E ainda existem propostas no sentido de estipular que a vida em potencial, do nascituro, tem maior proteção que a vida de fato e de direito, da gestante

 Doloroso ler alguns textos de ativistas "pró-vida" e ler que o procedimento seria permitido "a qualquer momento da gestação", quando todos sabemos que não é assim que funciona, que um aborto legal tem um período para ser realizado, e que a mulher, desesperada, que aborta aos seis meses, o fará com ou sem a permissão do Estado, da igreja, da família. Porque essa mulher se vê sem opção. Porque essa mulher é pobre, muitas vezes é negra, e a questão da adoção no Brasil passa por tantas mazelas quanto qualquer outra questão social e de saúde pública. 

O direito ao aborto legal e seguro é direito da mulher. 
Porque ele faz parte de plataformas feministas, outras pessoas o disseram melhor do que eu poderia dizer agora. 


Campanha da Articulacion Feminista Marcosur
A mulher é sempre a responsável pela concepção. Seja ela casada, solteira ou vítima de estupro, sobre ela (nós) recaem as cobranças quanto a se "proteger" seja da gravidez, seja do estupro. Ensinam a mulher a temer, a agir de forma sorrateira, porque a discussão, no espaço público, de quais são as verdadeiras consequências de determinados atos, são, ainda, muito exclusivas do gênero masculino, e mesmo, de um olhar masculino. 

Ainda, no Brasil, como país eminentemente católico, temos a inaceitável interferência de lobbys religiosos em todos os aspectos da administração pública, em especial, no que se refere ao âmbito das relações íntimas (questões homoafetivas) e de saúde pública, no que tange à saúde da mulher, especificamente.
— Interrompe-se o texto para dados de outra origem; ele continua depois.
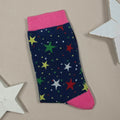 A single navy blue sock with a colourful star pattern and bright pink cuffs and heel, laid flat on a beige background with white star-shaped props.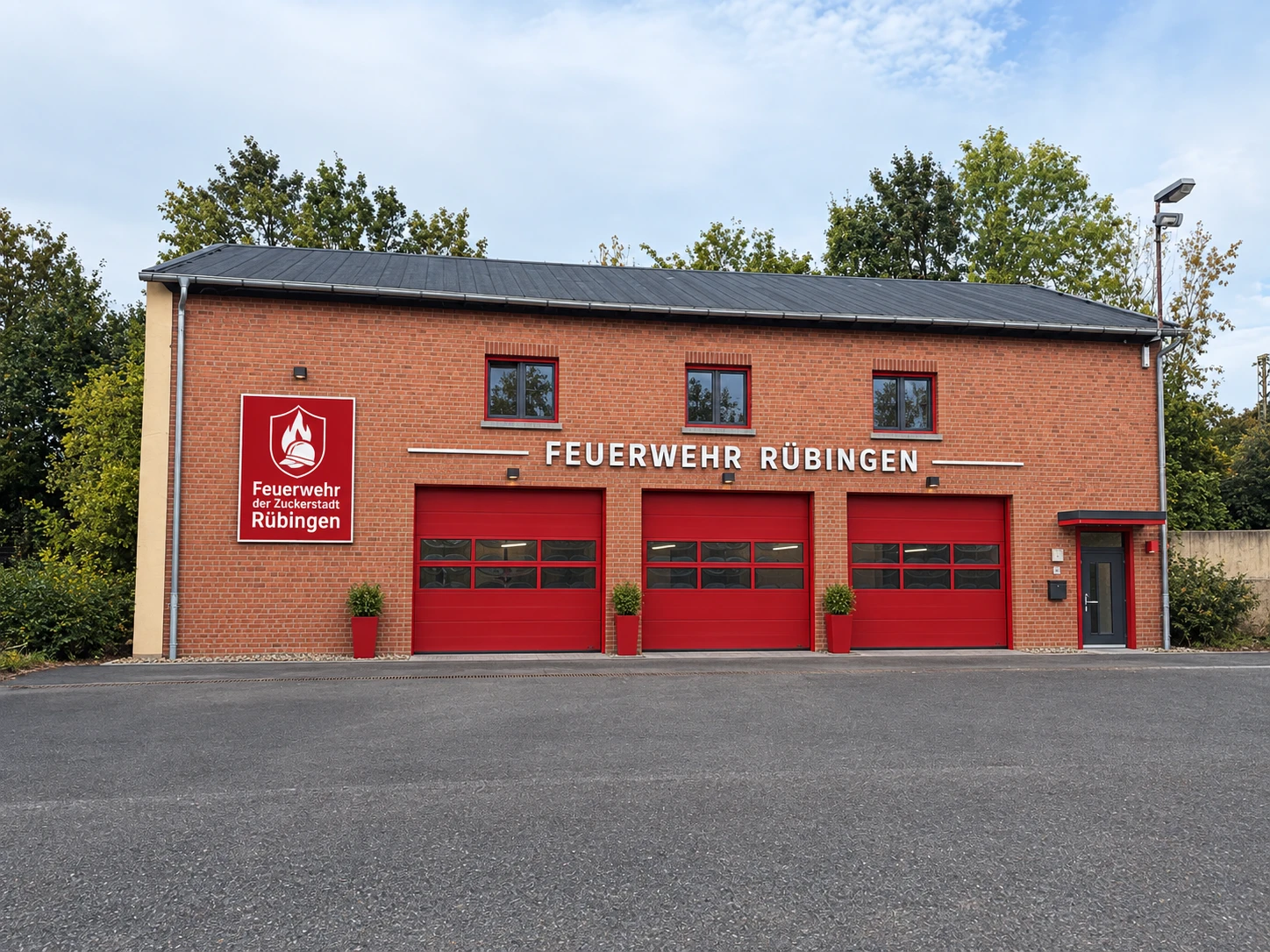 Gerätehaus der Feuerwehr Rübingen: Backsteinbau mit drei roten Toren, dem Schriftzug „Feuerwehr Rübingen“ und dem Wappenschild der Feuerwehr der Zuckerstadt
A visão das igrejas sobre as mulheres ainda deixa muito a desejar.
Mas tudo bem. Se eu quero mudar a igreja, eu que participem, estude, questione. Ou não: eu que me acomode, porque afinal está na Bíblia que mulher tem que ser submissa, etc et al. 
Mas, se eu não participo, não quero ter nada a ver com instituições religiosas, e sou cidadã de um estado laico, que deveria prover os direitos e garantias indivíduais de todos, independente de opção religiosa, porque sou obrigada a me submeter aos ditames religiosos? E pior, aos ditames religiosos de dogmas estabelecidos por homens, sem participaçao ou debate feminino?
Sei que existe o "Católicas pelo Direito de Decidir", bem como outras organizações religiosas que apóiamo os movimentos pró-escolha.
Mas no geral, o que vemos é um fanatismo absurdo, e incoerente, que afeta, todos os anos, milhares de mulheres, no Brasil, privadas de seu legítimo direito à interrupção volutária da gravidez.
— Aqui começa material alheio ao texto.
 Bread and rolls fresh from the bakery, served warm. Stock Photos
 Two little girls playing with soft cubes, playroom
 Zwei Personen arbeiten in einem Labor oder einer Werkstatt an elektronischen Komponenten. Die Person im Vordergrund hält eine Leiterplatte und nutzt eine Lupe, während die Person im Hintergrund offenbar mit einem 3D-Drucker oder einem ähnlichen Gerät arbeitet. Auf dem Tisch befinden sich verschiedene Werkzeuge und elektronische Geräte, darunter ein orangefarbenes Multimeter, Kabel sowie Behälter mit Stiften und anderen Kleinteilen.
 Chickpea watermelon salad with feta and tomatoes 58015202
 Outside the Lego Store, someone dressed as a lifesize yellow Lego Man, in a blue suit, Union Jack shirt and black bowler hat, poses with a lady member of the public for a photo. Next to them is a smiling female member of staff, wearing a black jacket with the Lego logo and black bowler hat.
Este post foi elaborado em atendimento ao chamado para a Blogagem Coletiva: Pela Descriminalização e Legalização do Aborto

Um comentário:

  1. eu sou à favor, existe pessoas que tentam reprimir essa legalização dizendo: "que pena que sua mãe não pensou assim" então eu penso: "que pena mesmo, pq eu minha mãe me abandonou, pq cresci em uma familia que não é minha, pq dói ver minha mãe adotiva fingir gostar de mim" há pouco tempo passei por uma situação descobrir esta grávida logo no primeiro mês e não pensei duas vezes, foi doloroso, foi triste e ainda é, mas seria muito mais se eu tivesse seguido em frente, além da represália que eu iria sofrer por parte da minha familia adotiva e não conseguiria amar este, eu não sei o que é amor de mãe pois o prêmio que eu recebi por nascer foi ser abandonada, então como eu poderia amar um filho, se eu nunca soube o que é ser amada por uma mãe? Sou a favor principalmente pq ninguém sabe o que se passa na vida e na cabeça de uma mulher.